A gripping and revealing glimpse into Baltimore gang life and the city’s efforts to combat street violence.
With exclusive access to police interview footage, FBI files, and court documents, Bowden focuses his investigative lens on the case of Trained To Go, a Baltimore gang operating in the destitute Sandtown neighborhood, led by Montana “Tana” Barronette, who—at the age of 21—received two life sentences for his involvement in at least 20 killings. The author takes a deep dive into Tana’s life story in an attempt to determine the circumstances that led such a “goofy, genial, smart, poised, ambitious” young man down the “greased path” of violent crime. Working with the U.S. attorney office’s materials and his own extensive interviews with detectives, community members, witnesses, informants, and researchers, Bowden develops a fascinating crime narrative featuring a cast of complex, charismatic characters.

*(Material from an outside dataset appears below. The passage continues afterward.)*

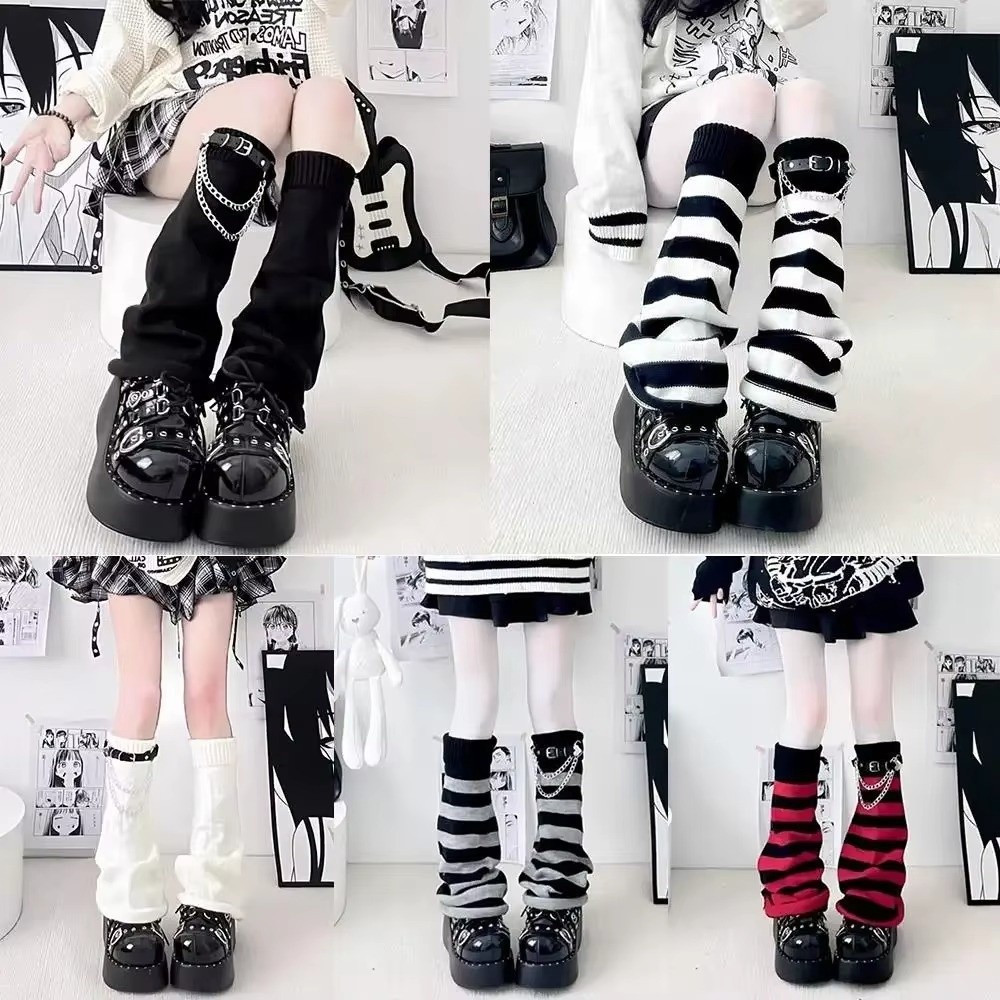 Gothic Harajuku Knit Leg Warme - Boot Sock Slouchy review and price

As products of their environment, the young members of TTG exhibit a reckless, devastating nihilism, resigned to violent deaths and openly flaunting the spoils of their criminal enterprise as long as they are able. “While morally null, Tana was not mentally ill,” writes the author. “He and the rest of his crew were normal teenagers in an aberrant environment, an extreme product of a violent, oppositional subculture, not just trained to go but bred to go, or kill.” Making a case for the near inevitability of Tana’s fate without denying or minimizing his brutal actions, Bowden presents a damning indictment of the city’s treatment of its most precarious constituents. “Gang violence and white indifference are two sides of the same coin,” he writes, arguing for massive investment in “better schools, better local policing, more counseling and community involvement, stronger gun laws, more employment opportunities…[and] specialized, strategic law enforcement” as critical steps toward ending this self-perpetuating pattern of poverty and violence.
A powerful, nuanced depiction of gang violence in America that makes a strong case for meaningful reform beyond policing.